The high number of casualties amongst Iraqi militias and IRGC forces rose to such an extent that in mid-December the Quds Force decided to stop Aleppo operations and withdrew from their positions. Iraqi Shiite militias who suffered heavy casualties also withdrew with the IRGC forces. The IRGC carried out this retreat under the pretext a re-organization and redevelopment of its troops.
The status of Iraqi Shiite militias in Syria and the amount of dissent amongst them regarding their presence in Syria has risen to a point that the Quds Force dispatched PMF deputy Abu Mahdi al-Mohandess to Syria in mid-January to provide promises aimed at lifting their spirits.
The Quds Force has emphasized to all Iraq Shiite militia commanders to never make public the number of their casualties and the bodies must be transferred to Iraq in secret. The IRGC has emphasized the publication of this number of deaths in Syria will both crush a blow to the spirits of Shiite militias in Iraq, and make future dispatches of Shiite militias to Syria extremely difficult.
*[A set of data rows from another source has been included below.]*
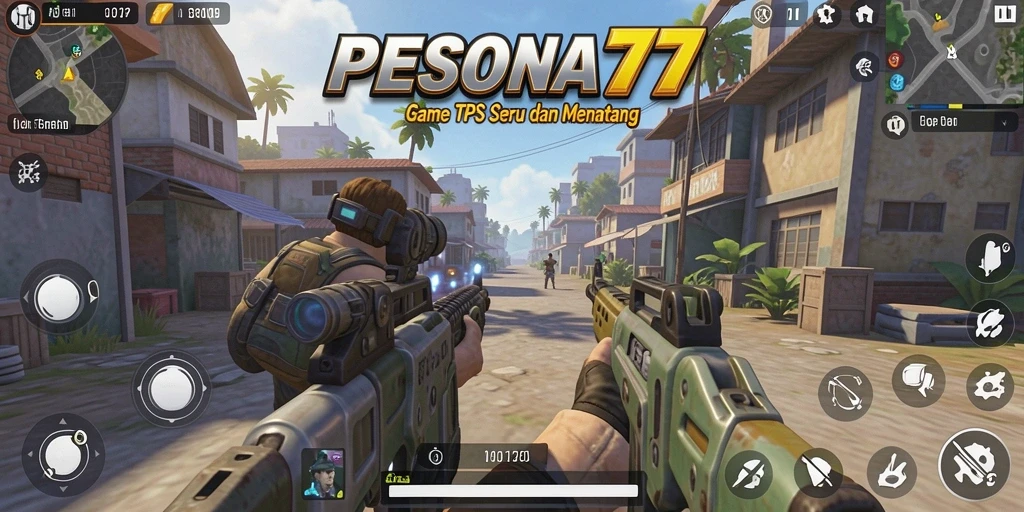 Tampilan gameplay seru di PESONA77 dengan aksi TPS yang mendebarkan.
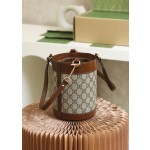 GUCCI 𝟭 𝟵 𝟱 𝟱 Horsebit buckle series bucket bag #637115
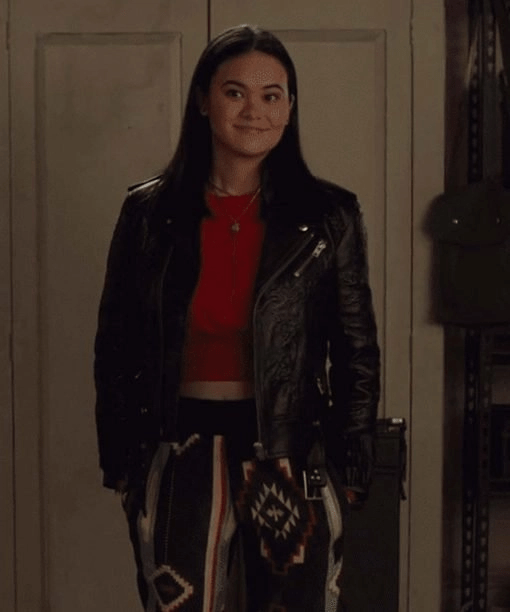 Martina Ortiz-Luis Wynonna Earp Black Motorcycle Leather Jacket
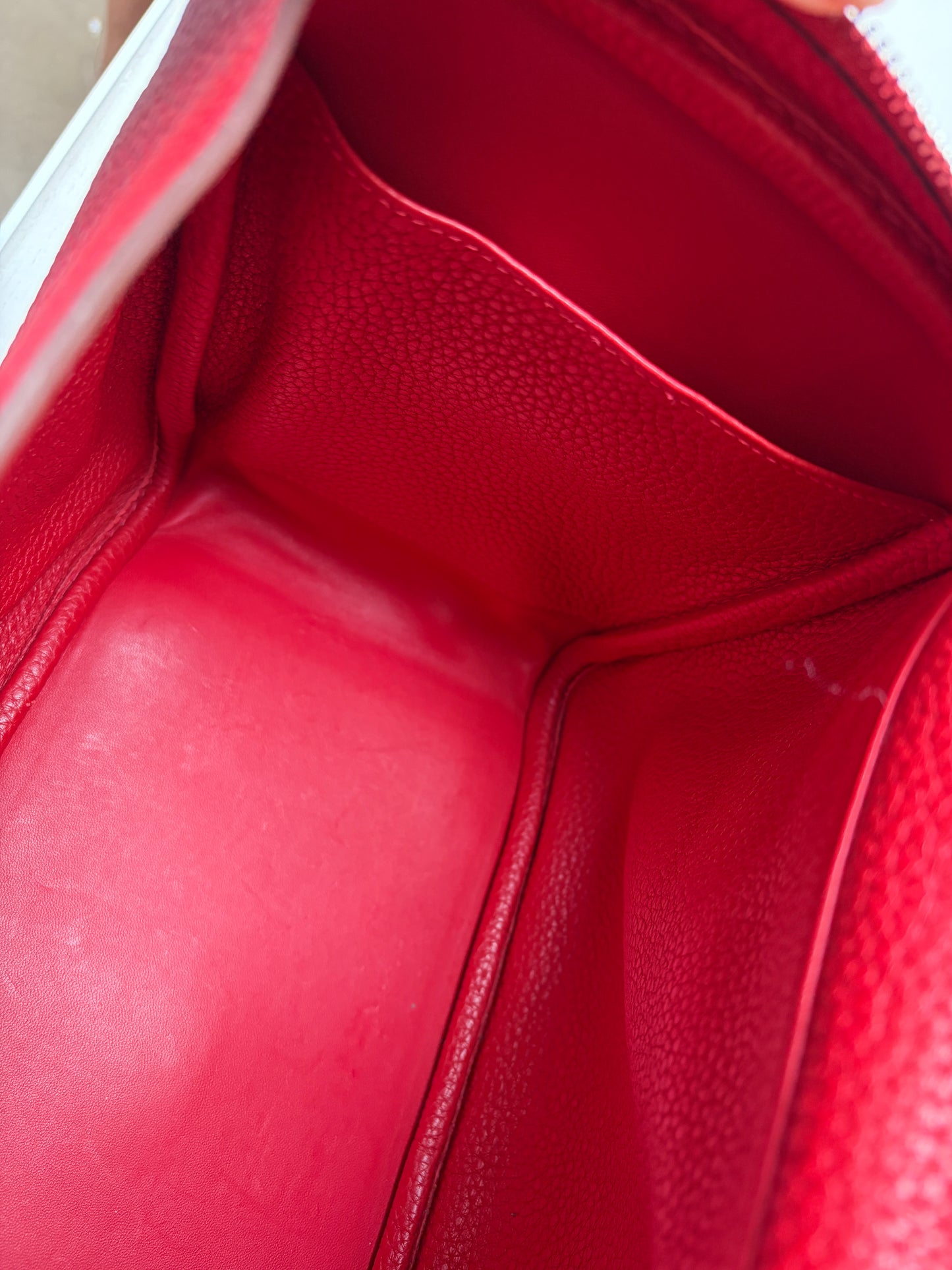 Hermes Lindy 30 Rouge H Clemance Leather Palladium Hardware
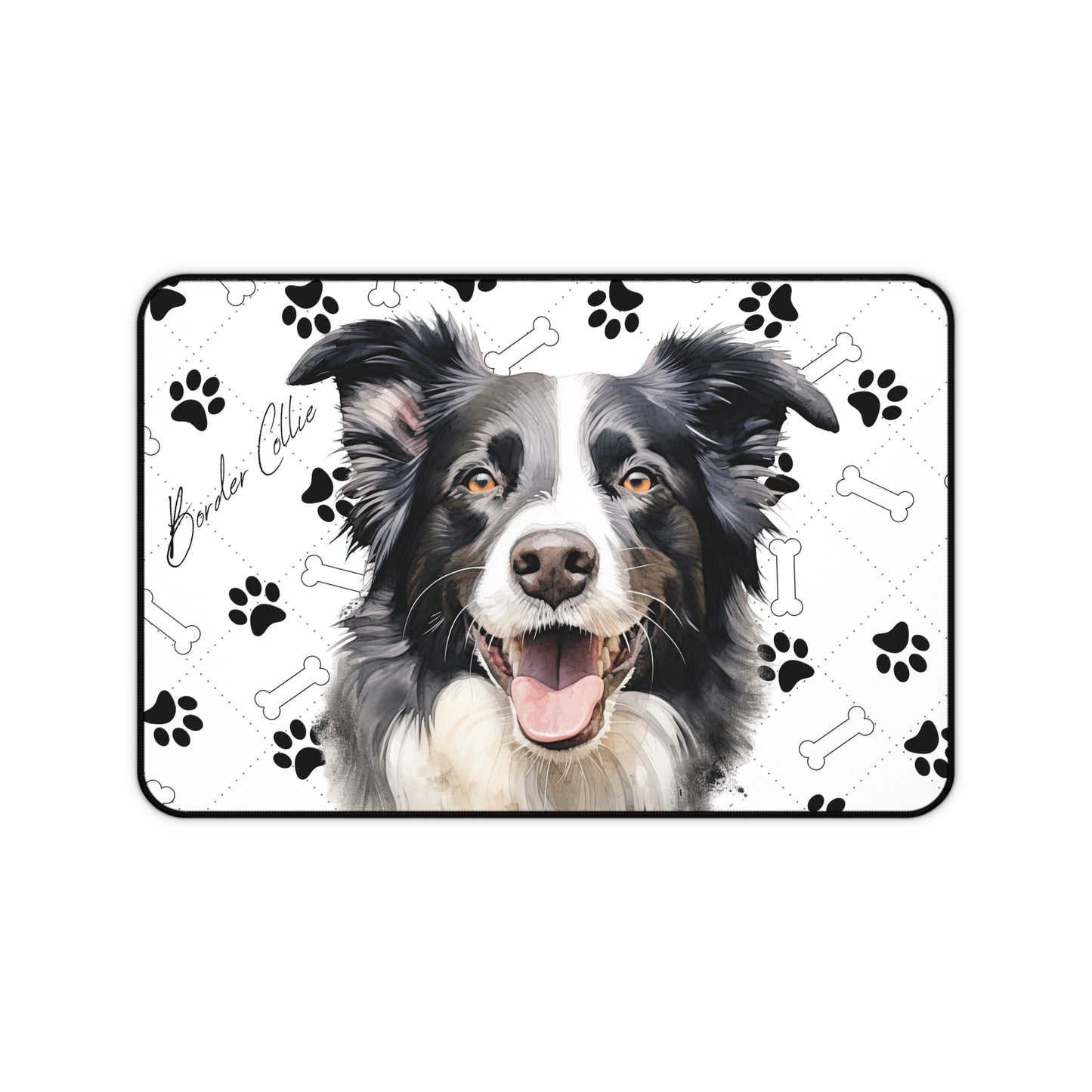 Border Collie Desk Mat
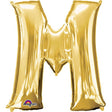 Foil Balloon Letter M Gold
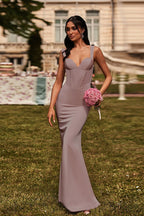 Sexy V-Neck Cami Waist-Cinched Bodycon Party Dress image 13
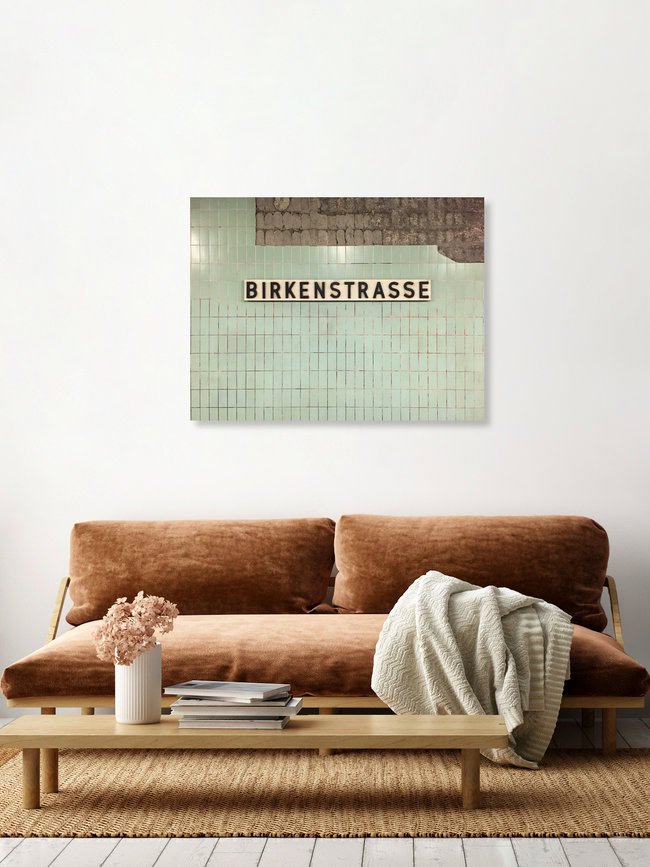 U-Bahnhof Birkenstrasse, Deutschland – Fotokunst von Claudio Galamini als Poster oder Acrylglasbild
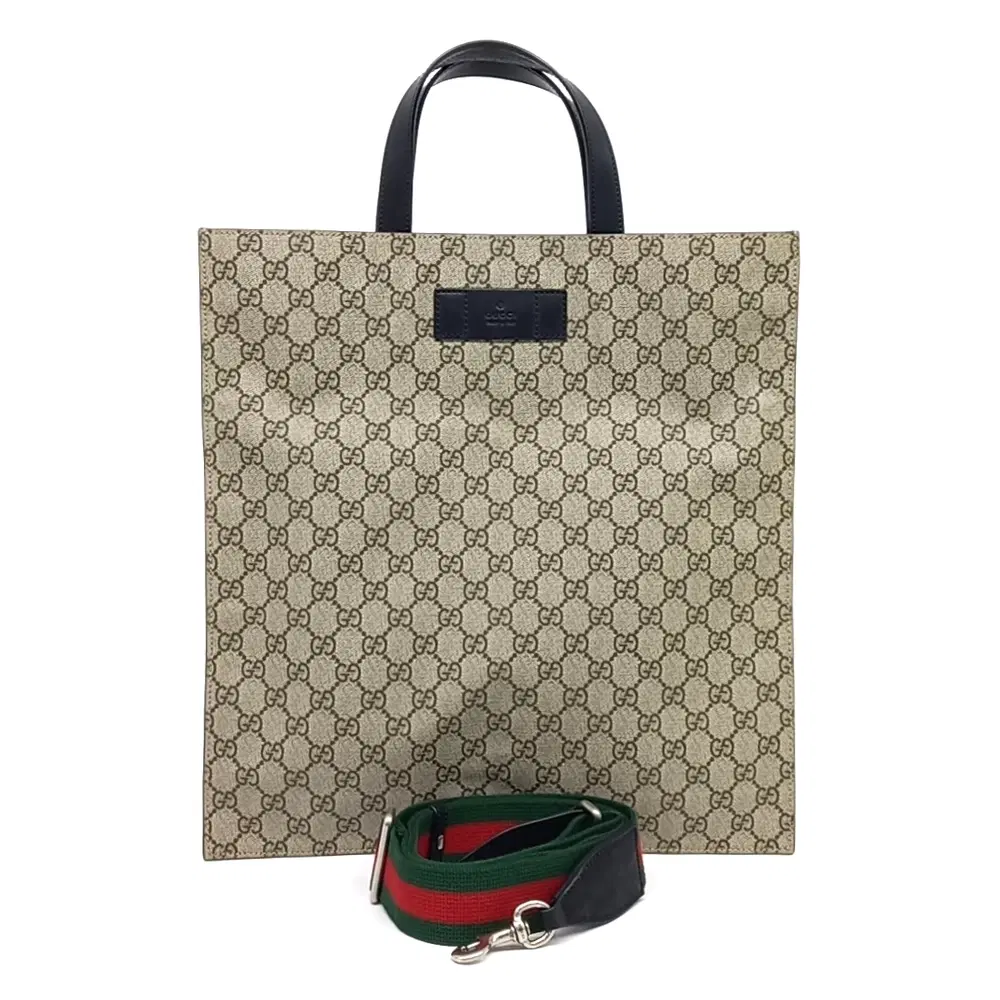 Gucci Supreme PVC Tote and Shoulder Bag (456217)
In early January, Asaeb commander Qeis al-Khazali and Akram al-Ka’bi first met in Baghdad with Hassan Danai’far, Iranian ambassador in Iraq, with the objective of finding a solution to lift the spirits of their forces. They then visited Tehran in their mission. Following the high number of casualties amongst Shiite militias in Syria and their units being set aside in the Anbar battlefront, they launched a new trend of sectarian killings in Iraq.
The killings of Sunnis in the town of Meqdadiya in Diyala Province located north of Baghdad was launched on January 11th, being the same policy of sectarian killings the Iranian regime had launched in Iraq in the past. Massacring people and bombing Sunni mosques in Meqdadiya is part of this Iranian regime policy in Diyala with the goal of changing the social fabric of this province. For years Diyala was under the control of Shiite militia groups linked to senior commanders Badr commander Hadi al-Ameri and al-Khazali.
Shiite militias and PMF units, set aside from government-run military operations, and considering the fact that Baghdad is no longer willing to allocate a separate budget for them, are actually welcoming this sectarian war. Asaeb and Badr militia commanders have been briefed by Quds Force commanders to stretch the scope of this sectarian war to Baghdad. Currently Shiite militia commanders have held secret sessions in mosques and other religious centers in various areas, all aimed at planning this sectarian battle in Baghdad and they enjoy the strong support of the Iranian embassy in Baghdad.